Reducing water waste
Wet / dry systems also reduce water consumption. These run water and air-cooled condensers in parallel to combine the advantages of dry and wet cooling.
In GEA’s PArallel Condensing (PAC) system, exhaust steam coming from a steam turbine generator is immediately separated into two streams. One stream flows into a surface condenser while the other is directed to an air cooled condenser (ACC). Condensate recovered in the two condensers can be collected in a common hotwell.
The steam distribution between the two units does not need valves or dampers, and water consumption is controlled by the heat load distribution between the two condensers. The system uses wet cooling in the warm seasons, and there is no plume in winter because dry cooling is enough and the wet tower fans can be switched off. The system costs less, and has a smaller footprint and lower fan power consumption than dry cooling towers.
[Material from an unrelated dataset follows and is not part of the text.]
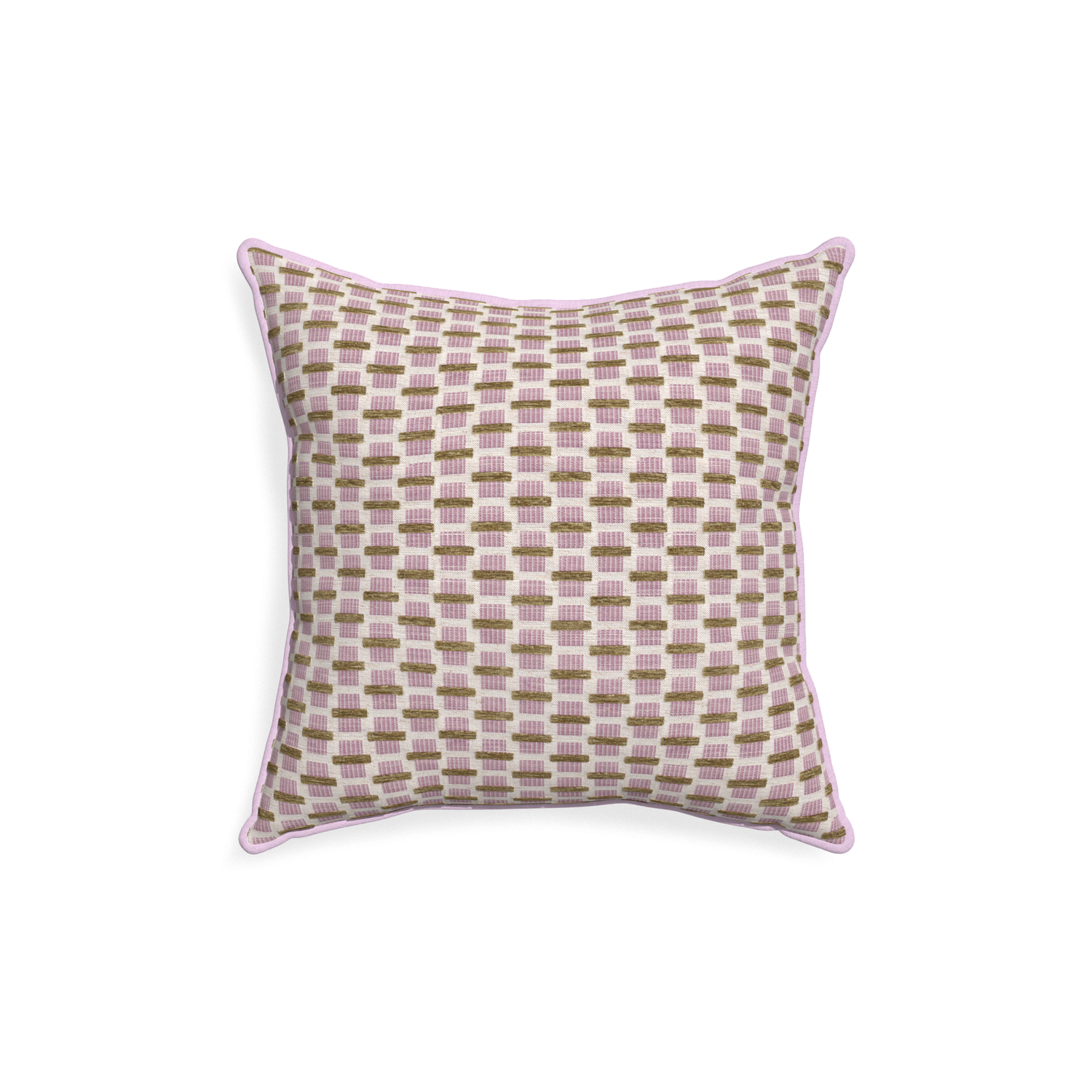 18-square willow orchid custom pink geometric chenillepillow with l piping on white background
GEA’s system has, for example, been used in the 225MW Afton Generating Station near Las Cruces, New Mexico, US. This had a two-cell cooling tower with two-speed fans. Makeup water for the wet cooling system comes from raw water wells on the Afton site. The warm (27-32°C) well water is cooled before treatment. Here, PAC works in one of several modes depending on the ambient temperature. Fans can be off, or run at low- or high speeds.
At 37°C, all the fans – in both the ACC and the cooling tower – run at high speed. The circulating water then passes through the surface condenser at full flow. As the ambient temperature drops, the fans can run at low speed or switched off. Afton actually runs one circulating water pump during the winter to maintain some water flow through the surface condenser tubing and prevent fouling.
Hybrid’s shorter stature
Another reason for the popularity of hybrid towers is the sheer height of natural draught towers. This is a major factor at Horizon Nuclear Power’s Oldbury plant, and Horizon is opting for hybrid towers because they are typically 70m high rather than the 200m-plus of natural draught towers.
The plant will likely start construction in 2019, and Horizon has said that moving away from natural draught cooling towers has been a big decision. The smaller towers will be more in keeping with the existing Magnox station next to it, and the lack of visible plume will also make the power plant less obtrusive.
Horizon stresses that it has consulted with local residents, but there is still strong opposition to the planned site. Residents of the nearby village of Shepperdine, particularly, protest that their view across the river Severn will be scarred by the cooling towers, even hybrid ones.
Oldbury is the oldest nuclear power station still operating in the UK and residents have been looking out at the existing Magnox station for over 40 years. They say that feel that the proposed 3GW plus station (nearly four times the power of the existing one) is excessive, irrespective of what sort of towers it uses.